Further along from the old site of the Tivoli Theatre, we encountered another icon of present-day Hull, Chicken George takeaway, one of several businesses with the same name in the city. A number of the tour party offered the opinion that the name might have originated from or been inspired by a stall at Hull Fair of the same or perhaps similar name. Chicken George is, nevertheless, a relatively common name for takeaway poultry emporia in both the UK and in the United States and is not unique to Hull, although few places have so many. Moreover, the name seems to have originated with the character Chicken George from Alex Haley’s seminal book and TV series on slavery in America ‘Roots’, which has little connection to the city. A Chicken Joe, rather than George was, however a fixture at Hull Fair and other fairs across the north of England between the 1930s and 1962. As Chris Ketchell makes clear in his book on Chicken Joe, he was a well-known figure in local life.[5] As an article in the Daily Mail recalling Joe explained:

The prizes at Chicken Joe’s stall were stout carrier bags crammed with groceries – sugar, butter, tea, jam, suet … plus, topping the whole package, a plump, plucked, oven-ready chicken, fresh from Chicken Joe’s supplier in Ping Pong Alley, Hull… You bought what was essentially a penny raffle ticket while Joe spun three roulette-type wheels with light-up numbers. If your three-digit number came up, you got the chicken. If not, how could you resist buying another ticket?[6]
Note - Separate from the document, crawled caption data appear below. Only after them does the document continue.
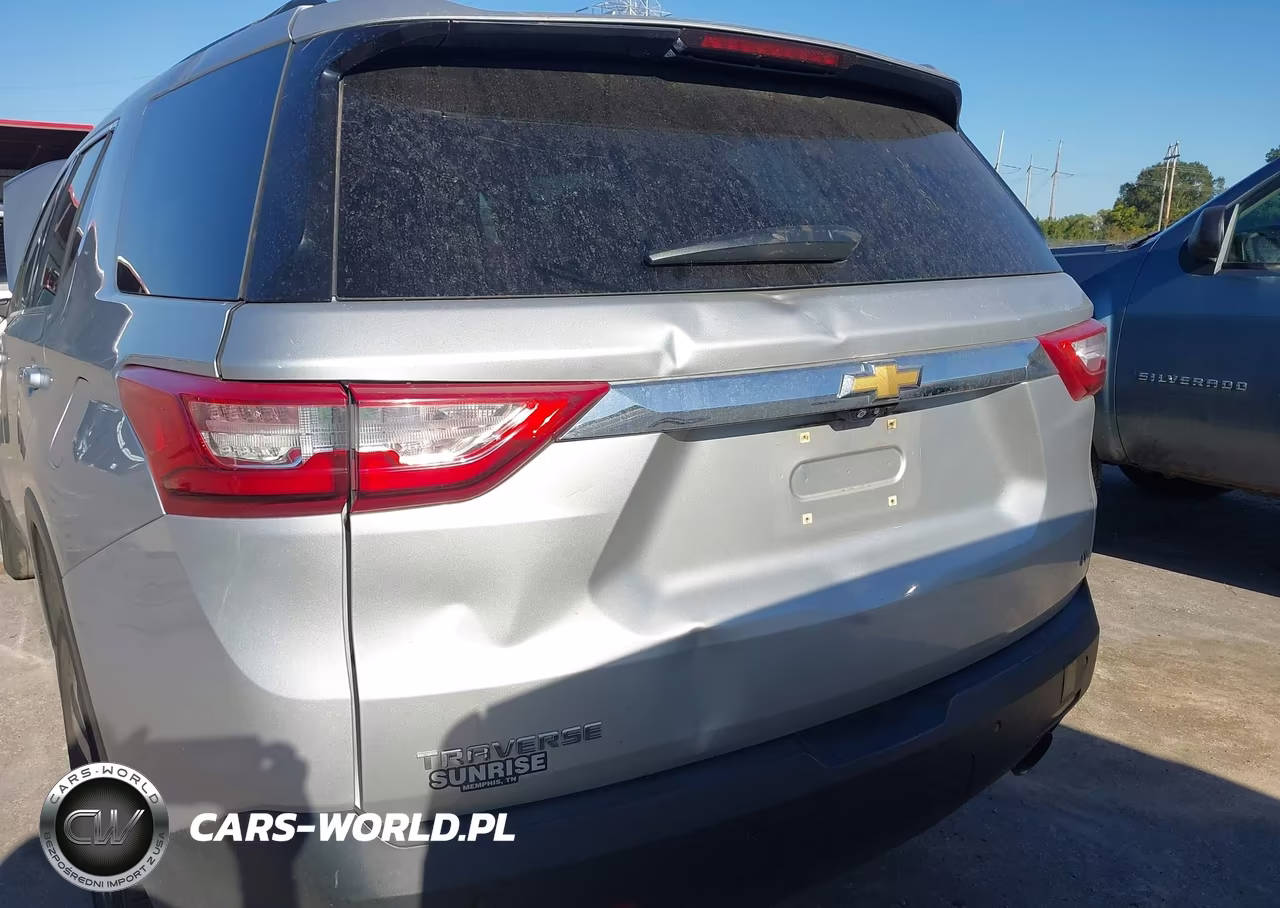 2021 Chevrolet Traverse Fwd Lt Leather VIN:1GNERHKW4MJ162877 - 6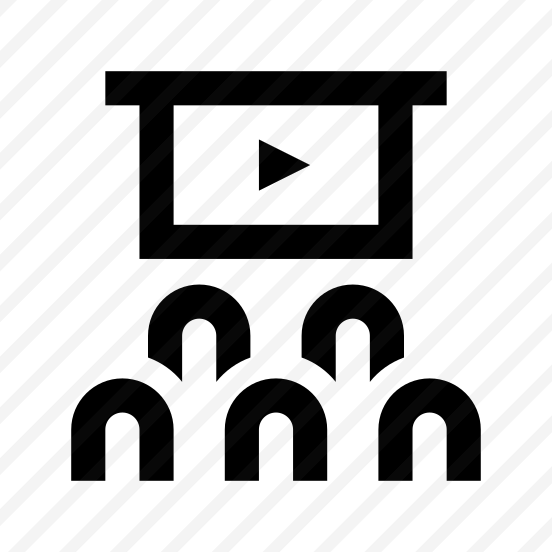 Conference Viewing Video Room Icon preview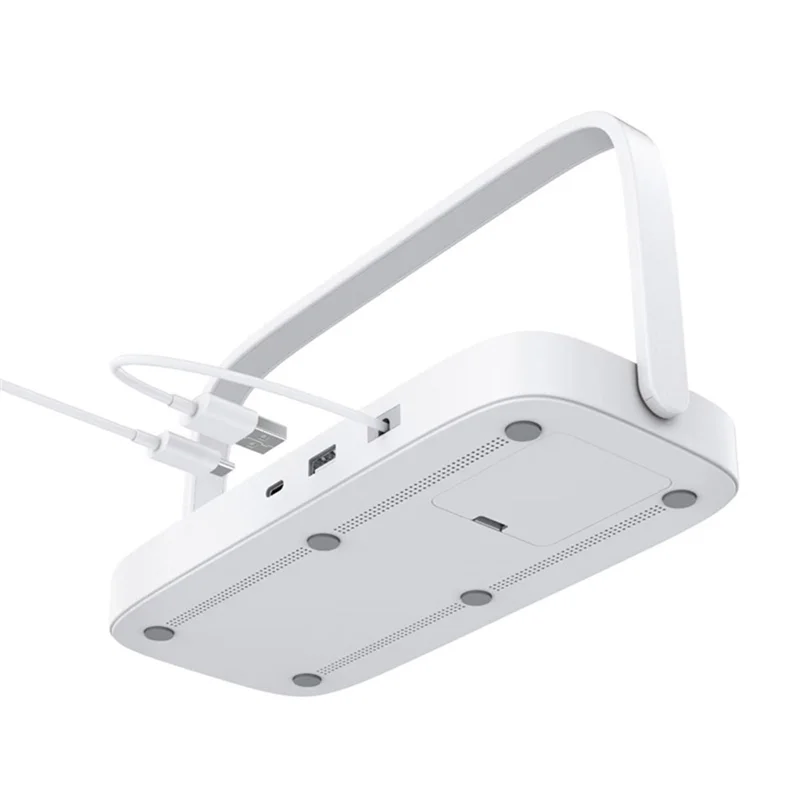 A13E-4-In-1 Wireless Charger Stand With LED Night Lamp - Multi-Function Charging Dock For 15/14/13 And Watch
Joe, then, was a celebrity of sorts and is fondly remembered in local lore, even having his stall resurrected for an exhibition of Hull’s Fairground history in 1999.[7] So, perhaps the story of Chicken George and Chicken Joe has become entwined over time. What makes this association between Hull Fair and Chicken George important to this project is not whether the memories we shared are quite historically correct, because accuracy is, at least to this project, less important that what a memory can tell us. What an association like that between Chicken George and Chicken Joe illustrates to our project is the importance of the Hull’s built environment in creating links – both tangible and intangible – to the city’s past and associated cultural values. Both Chicken George and Tivoli House are examples of the way we remember and reuse the past to tell stories about the present, about who we are and, in this instance, what it means to be from Hull. Chicken Joe evokes a memory of a vibrant working-class culture where a bag of groceries was worth a few tickets at a fairground raffle, and where the proprietor of such a stall might be a celebrity across northern towns and cities. The memories and associations we bind up with the built environment are ways for us to understand the cities in which we live by telling stories that illustrate particular values and identities, in these ways the built environment both aids our memories of the past, but also functions as a means through which we can tell stories about who we are. Without the presence of Tivoli in the name of the building that replaced the old theatre or the bust of the unfortunate Lucan in Coopland’s, or the presence of Chicken George a few doors down, these stories might not have been told and the project would never have had the opportunity to explore these fascinating aspects of Hull’s heritage.

[1] http://www.arthurlloyd.co.uk/Hull/TheatreRoyalHull.htm

[2] The Times, ‘Variety Artists Debts’, 10 May 1954, p.5.

[3] The Stage, ‘Old Mother Riley is Dead’, 20 May 1954. P.5

[4] See Robert V. Kenny, The Man Who was Old Mother Riley (Albany, 2014)

[5] Chris Ketchell, Chicken Joe the Man You All Know (Hull, 1999).

[6] Keith Waterhouse, Daily Mail, ‘How Chicken Joe put the beef into the Feast’ 23 Mar 2008.